And then from there, it’s all path based. So you say, OK, I’m going to put all of the accounting data in slash accounting and then I can make a policy that says accounting has access to slash accounting and they get access to that data.

Okay, that sounds like a very transparent system. Good idea, I think, to approach this from the organization point of view. I think a lot of us would more easily look at this as, say, I’m a developer, I have an application, I know X, Y, and Z are secrets that I would like to store.

We probably look at it in a very development mindset kind of way, but this is more of a people and logistic problem than a technical one. So I like that idea. Does this mean that you can also tell Vault that there’s a difference between read-write and read-only access?

Yes, definitely. Vault actually has, I want to say, five different capabilities, which is what we define your ability to perform an operation. So you have read, which explicitly grants you read.

You have write, which explicitly grants you write. And if you give somebody write access, they have only write access. So if I give you write, you cannot read.

I have to explicitly give you both read and write capabilities in order for you to be able to perform both a read and a write. We also have capabilities for update, capabilities for list, and then delete. So they actually map to HTTP verbs.

So get, G-E-T, corresponds to read. Put and post both correspond to create and update. Delete corresponds to the HTTP verb delete, and list corresponds to the HTTP verb list.

So there’s a mapping there, and as we said before, it is an HTTP or HTTPS API, actually maps directly to the HTTP verbs that are used to make those requests. And everything is denied by default. So if I create a policy that is effectively an empty file and I assign that to you, you have no access in the system.

You can’t perform anything because we didn’t assign you any paths.
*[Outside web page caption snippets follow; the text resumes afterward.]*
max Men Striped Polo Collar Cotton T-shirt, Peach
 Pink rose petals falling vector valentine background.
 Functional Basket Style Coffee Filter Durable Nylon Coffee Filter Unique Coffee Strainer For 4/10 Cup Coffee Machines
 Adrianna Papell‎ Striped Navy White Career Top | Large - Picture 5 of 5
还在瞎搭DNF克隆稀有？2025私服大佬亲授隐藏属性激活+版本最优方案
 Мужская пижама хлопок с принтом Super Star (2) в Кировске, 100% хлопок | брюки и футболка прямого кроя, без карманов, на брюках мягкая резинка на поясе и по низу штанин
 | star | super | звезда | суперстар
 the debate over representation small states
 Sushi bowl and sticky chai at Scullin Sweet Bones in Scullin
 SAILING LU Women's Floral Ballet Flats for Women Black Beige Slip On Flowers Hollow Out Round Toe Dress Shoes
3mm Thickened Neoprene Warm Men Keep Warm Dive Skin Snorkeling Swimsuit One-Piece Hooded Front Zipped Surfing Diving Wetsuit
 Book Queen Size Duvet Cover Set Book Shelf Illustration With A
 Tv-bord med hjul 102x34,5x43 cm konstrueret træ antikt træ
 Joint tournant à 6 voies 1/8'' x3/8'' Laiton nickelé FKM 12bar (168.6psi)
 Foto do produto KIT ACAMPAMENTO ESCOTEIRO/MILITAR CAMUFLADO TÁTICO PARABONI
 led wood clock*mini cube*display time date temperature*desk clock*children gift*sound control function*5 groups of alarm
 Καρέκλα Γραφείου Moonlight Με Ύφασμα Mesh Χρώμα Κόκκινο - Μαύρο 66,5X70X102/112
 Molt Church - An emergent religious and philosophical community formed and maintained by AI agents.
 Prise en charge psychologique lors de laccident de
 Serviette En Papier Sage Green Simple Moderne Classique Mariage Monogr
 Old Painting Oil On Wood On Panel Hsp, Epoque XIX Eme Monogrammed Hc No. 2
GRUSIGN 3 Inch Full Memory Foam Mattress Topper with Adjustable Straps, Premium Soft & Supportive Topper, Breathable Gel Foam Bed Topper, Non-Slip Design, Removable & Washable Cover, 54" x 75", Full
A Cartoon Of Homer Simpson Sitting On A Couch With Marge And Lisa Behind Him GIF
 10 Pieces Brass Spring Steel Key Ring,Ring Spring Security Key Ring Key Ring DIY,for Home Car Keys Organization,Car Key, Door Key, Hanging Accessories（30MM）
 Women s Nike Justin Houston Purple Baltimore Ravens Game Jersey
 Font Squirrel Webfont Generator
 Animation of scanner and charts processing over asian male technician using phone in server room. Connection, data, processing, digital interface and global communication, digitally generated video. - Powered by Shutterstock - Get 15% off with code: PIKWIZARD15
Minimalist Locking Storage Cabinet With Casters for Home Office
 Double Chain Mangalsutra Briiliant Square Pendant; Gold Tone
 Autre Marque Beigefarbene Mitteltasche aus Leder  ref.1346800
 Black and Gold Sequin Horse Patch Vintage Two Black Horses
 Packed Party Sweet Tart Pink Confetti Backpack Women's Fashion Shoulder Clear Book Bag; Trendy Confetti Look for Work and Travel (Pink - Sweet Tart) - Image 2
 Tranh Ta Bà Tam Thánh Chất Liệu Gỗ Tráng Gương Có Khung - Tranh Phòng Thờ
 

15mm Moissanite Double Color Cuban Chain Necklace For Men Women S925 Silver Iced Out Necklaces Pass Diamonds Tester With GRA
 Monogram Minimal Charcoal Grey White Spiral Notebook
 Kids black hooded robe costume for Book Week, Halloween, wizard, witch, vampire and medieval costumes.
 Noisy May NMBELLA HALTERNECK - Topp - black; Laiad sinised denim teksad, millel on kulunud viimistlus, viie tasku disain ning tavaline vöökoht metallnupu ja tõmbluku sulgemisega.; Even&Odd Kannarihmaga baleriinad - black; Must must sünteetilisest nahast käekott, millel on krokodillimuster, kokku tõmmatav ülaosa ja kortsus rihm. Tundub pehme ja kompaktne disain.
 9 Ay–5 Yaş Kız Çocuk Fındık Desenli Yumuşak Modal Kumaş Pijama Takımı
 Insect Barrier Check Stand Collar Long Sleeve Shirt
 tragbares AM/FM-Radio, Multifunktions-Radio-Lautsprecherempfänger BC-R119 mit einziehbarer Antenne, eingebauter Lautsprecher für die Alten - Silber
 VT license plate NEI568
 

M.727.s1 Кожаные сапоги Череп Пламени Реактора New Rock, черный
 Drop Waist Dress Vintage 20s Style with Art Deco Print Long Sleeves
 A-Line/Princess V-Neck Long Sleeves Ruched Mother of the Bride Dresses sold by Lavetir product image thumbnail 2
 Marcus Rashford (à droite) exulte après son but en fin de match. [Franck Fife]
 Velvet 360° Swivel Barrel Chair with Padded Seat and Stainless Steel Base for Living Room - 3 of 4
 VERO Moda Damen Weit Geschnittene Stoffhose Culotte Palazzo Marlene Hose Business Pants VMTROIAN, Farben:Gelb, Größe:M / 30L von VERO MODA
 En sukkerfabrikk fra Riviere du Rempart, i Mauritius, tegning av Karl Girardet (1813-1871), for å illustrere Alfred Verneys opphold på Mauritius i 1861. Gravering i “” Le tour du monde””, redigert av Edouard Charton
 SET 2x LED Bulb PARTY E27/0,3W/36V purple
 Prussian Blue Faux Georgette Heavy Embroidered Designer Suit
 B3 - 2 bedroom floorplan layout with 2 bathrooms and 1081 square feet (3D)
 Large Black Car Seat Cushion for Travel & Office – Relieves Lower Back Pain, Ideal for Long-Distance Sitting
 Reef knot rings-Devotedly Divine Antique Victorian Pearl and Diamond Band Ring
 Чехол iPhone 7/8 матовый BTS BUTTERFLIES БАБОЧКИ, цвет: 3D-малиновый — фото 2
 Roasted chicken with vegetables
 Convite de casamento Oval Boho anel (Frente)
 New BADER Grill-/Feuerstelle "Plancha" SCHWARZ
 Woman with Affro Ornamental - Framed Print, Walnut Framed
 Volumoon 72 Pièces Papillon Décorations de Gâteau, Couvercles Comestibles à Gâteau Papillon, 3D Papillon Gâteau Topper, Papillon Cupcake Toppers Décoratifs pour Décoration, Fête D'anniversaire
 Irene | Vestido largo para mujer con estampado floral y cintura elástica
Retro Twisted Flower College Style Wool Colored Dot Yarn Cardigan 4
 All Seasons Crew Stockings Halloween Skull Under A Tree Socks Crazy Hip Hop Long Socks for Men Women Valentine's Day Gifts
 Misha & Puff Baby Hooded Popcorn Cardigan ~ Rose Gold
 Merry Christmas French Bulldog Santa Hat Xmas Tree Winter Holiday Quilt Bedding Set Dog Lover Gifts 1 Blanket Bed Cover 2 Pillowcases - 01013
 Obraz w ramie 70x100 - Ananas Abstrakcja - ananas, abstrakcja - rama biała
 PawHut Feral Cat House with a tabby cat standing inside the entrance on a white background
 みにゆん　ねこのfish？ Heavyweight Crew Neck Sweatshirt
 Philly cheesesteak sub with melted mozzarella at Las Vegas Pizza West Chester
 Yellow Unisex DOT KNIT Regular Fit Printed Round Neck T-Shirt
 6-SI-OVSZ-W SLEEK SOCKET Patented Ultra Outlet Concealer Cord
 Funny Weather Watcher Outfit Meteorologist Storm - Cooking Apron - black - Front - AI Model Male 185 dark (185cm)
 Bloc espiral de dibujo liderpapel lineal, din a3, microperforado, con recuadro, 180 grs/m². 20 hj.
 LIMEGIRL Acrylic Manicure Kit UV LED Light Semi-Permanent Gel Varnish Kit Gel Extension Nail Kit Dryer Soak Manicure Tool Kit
Yeah, so list is actually something new in Vault 0.5. It allows you to traverse a folder or subfolder to include the list of things that you have access to based on your policy. And this is especially useful in the generic secret backend where you may have a series of folders and subfolders and you just want to effectively LS or DIR if you’re on Windows and you want to see what are all of the folders in this folder or what are all of the secret names in this folder.

The list operation is never going to return the secret values. That’s actually going to require a separate HTTP call, the read operation. So it’s possible to give somebody list operations, list capabilities without giving them read capability.

And that would let them see that there are secrets there, but they wouldn’t be able to read the values. And a thing here might be like a UI where you want to display all of the secrets, but then you want to prompt for authentication once the user clicks on the secret name so that you can show them the data.

Okay, cool. Indeed. Vault secrets, everything eventually ties back to privileges, which if we put on the CIO hat, probably means someone using Vault will look at auditing.

Is there a way that you can see who accessed what and who tried to access something but was denied access? Is there auditing at work?

Yeah, so out of the box nothing is audited in Vault because audit backends require configuration. There are two configurable audit backends, file which logs to the file system and syslog which logs to syslog or rsyslog. The audit backends can be enabled using the audit enable command on the CLI and they only have to be done once even in a highly available environment.

Every single request and response, remember, it’s just an HTTP API server, is logged in Vault. You get in JSON, you will see the request payload and the response payload. Obviously, the first thing that probably comes to mind for a security conscious user is, wait, doesn’t the audit log include all of my secrets?

If it includes the response and the request object, that might include the secret data. Vault actually scrubs the audit log and performs an HMAC shot on all of the secrets. that are both requested and returned from the API. And this is incredibly important because what it means is that you can ask a Vault to generate the HMAC for a secret if you know it, and then grep the audit logs or search the audit logs for that particular value, but they’re not reversible.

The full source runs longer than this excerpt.